__INSTRUCTIONS FOR THE TASK__.
Exact copy without images: repeat every entry as written.
□ □ □ □
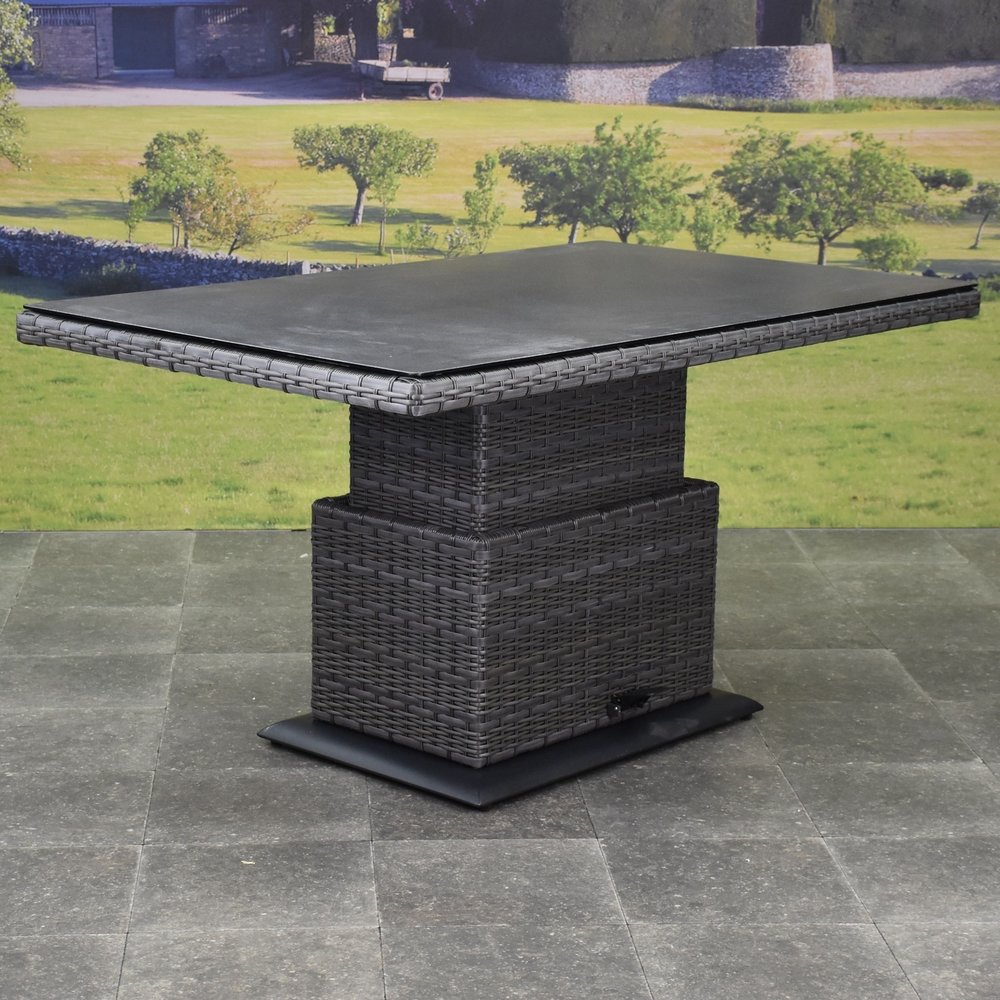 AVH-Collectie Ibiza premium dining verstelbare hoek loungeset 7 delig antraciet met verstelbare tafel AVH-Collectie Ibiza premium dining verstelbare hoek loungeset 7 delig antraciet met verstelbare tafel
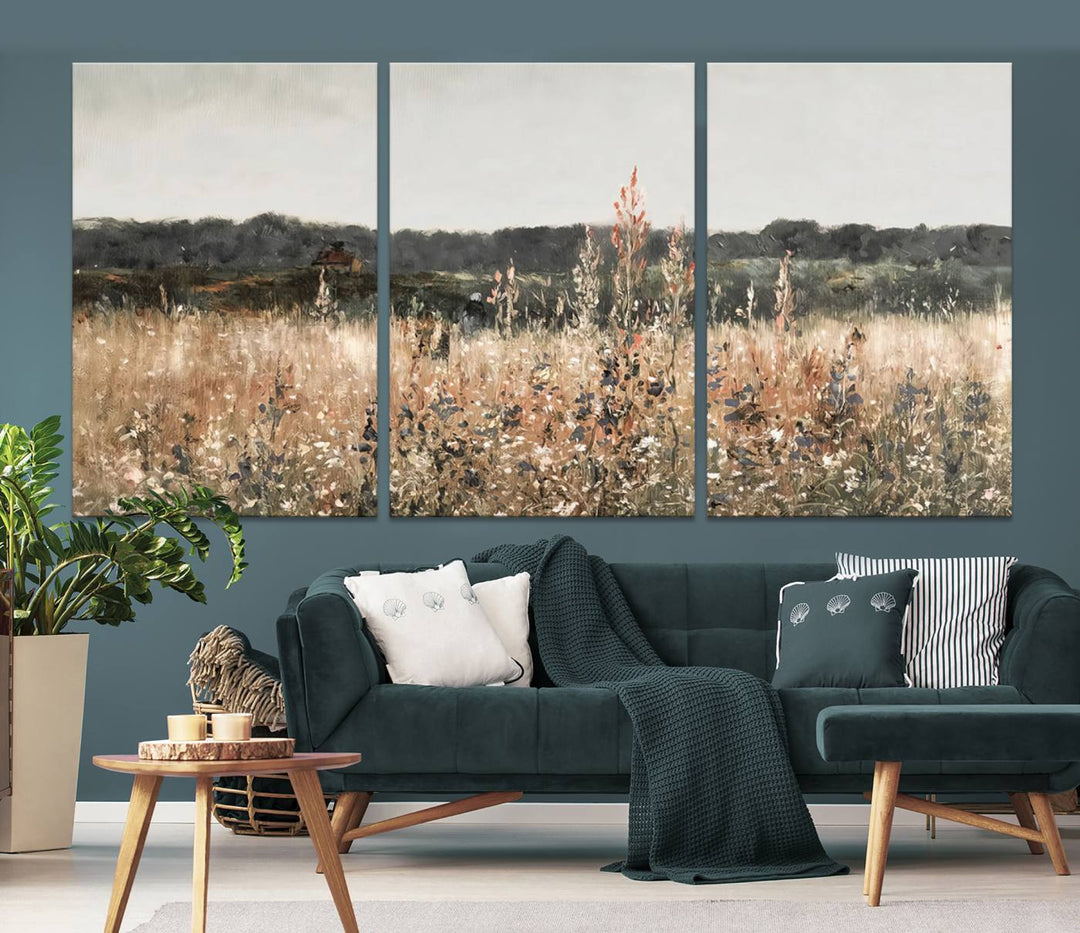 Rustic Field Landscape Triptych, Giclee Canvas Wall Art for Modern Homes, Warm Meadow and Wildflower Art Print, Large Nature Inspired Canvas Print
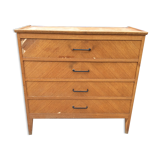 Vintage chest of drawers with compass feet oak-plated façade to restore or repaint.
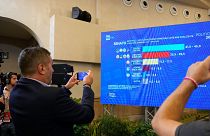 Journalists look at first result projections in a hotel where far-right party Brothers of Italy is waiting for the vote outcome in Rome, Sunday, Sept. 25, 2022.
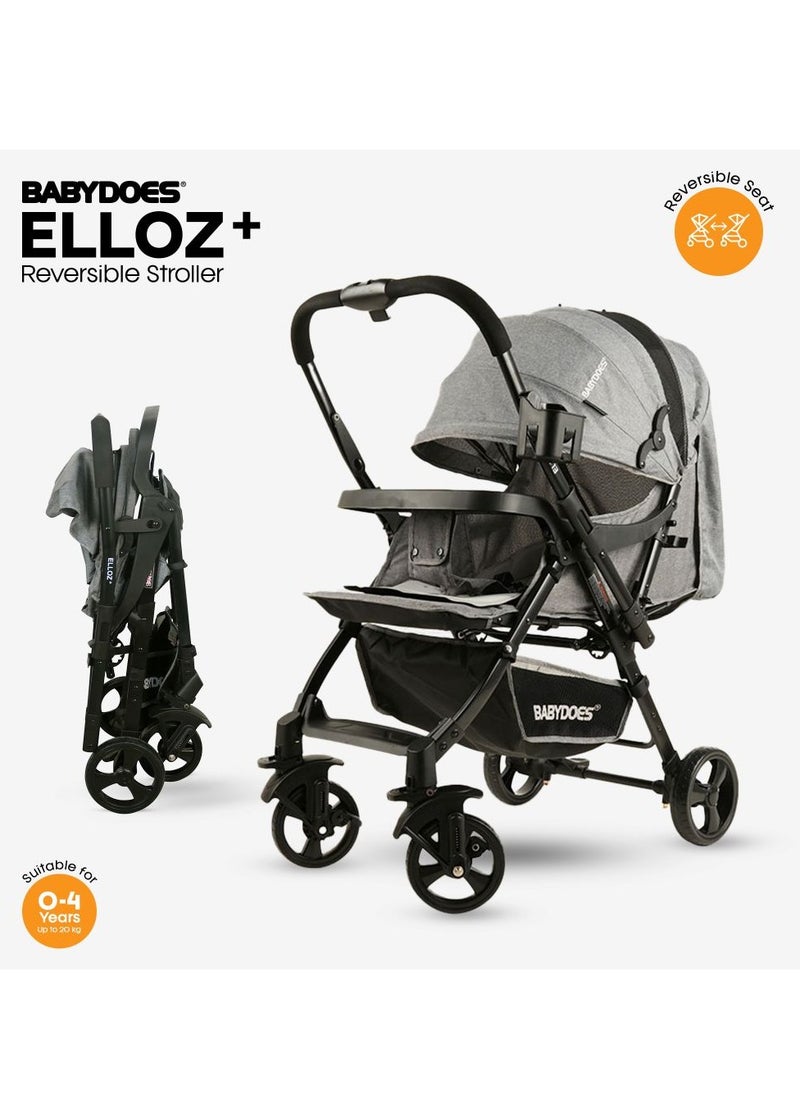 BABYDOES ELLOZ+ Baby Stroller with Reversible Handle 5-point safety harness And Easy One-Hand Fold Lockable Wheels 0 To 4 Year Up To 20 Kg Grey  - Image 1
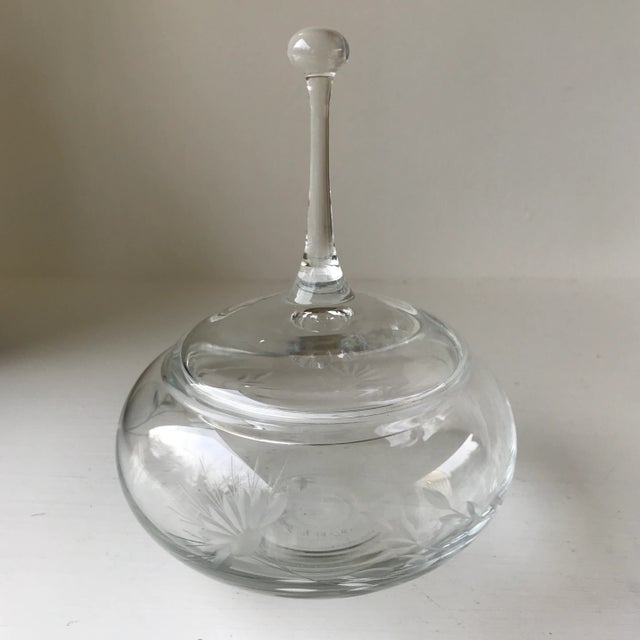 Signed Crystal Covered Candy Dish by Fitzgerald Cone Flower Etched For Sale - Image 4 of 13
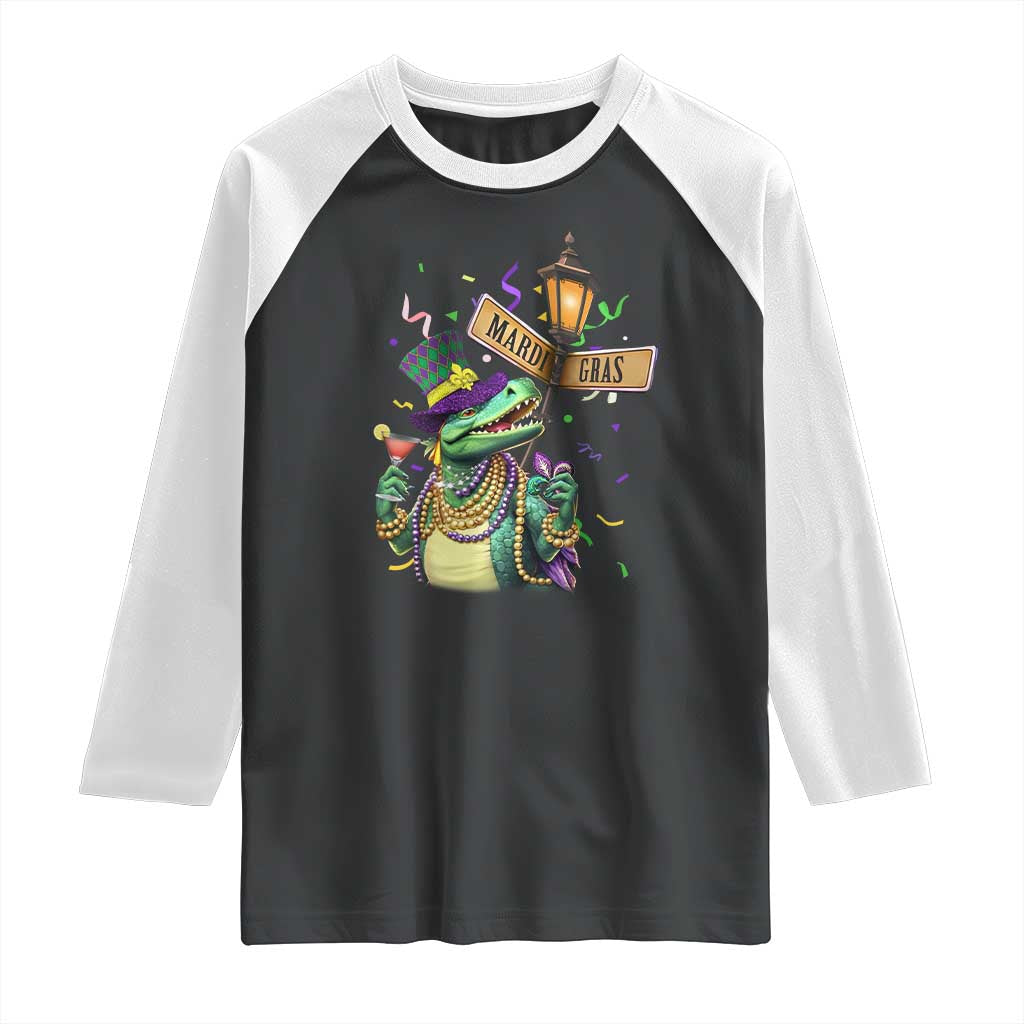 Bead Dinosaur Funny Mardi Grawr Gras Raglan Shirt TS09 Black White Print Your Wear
□ □ □ □
__ANSWER TO THIS EXERCISE__.
 AVH-Collectie Ibiza premium dining verstelbare hoek loungeset 7 delig antraciet met verstelbare tafel AVH-Collectie Ibiza premium dining verstelbare hoek loungeset 7 delig antraciet met verstelbare tafel
 Rustic Field Landscape Triptych, Giclee Canvas Wall Art for Modern Homes, Warm Meadow and Wildflower Art Print, Large Nature Inspired Canvas Print
 Vintage chest of drawers with compass feet oak-plated façade to restore or repaint.
 Journalists look at first result projections in a hotel where far-right party Brothers of Italy is waiting for the vote outcome in Rome, Sunday, Sept. 25, 2022.
 BABYDOES ELLOZ+ Baby Stroller with Reversible Handle 5-point safety harness And Easy One-Hand Fold Lockable Wheels 0 To 4 Year Up To 20 Kg Grey  - Image 1
 Signed Crystal Covered Candy Dish by Fitzgerald Cone Flower Etched For Sale - Image 4 of 13
 Bead Dinosaur Funny Mardi Grawr Gras Raglan Shirt TS09 Black White Print Your Wear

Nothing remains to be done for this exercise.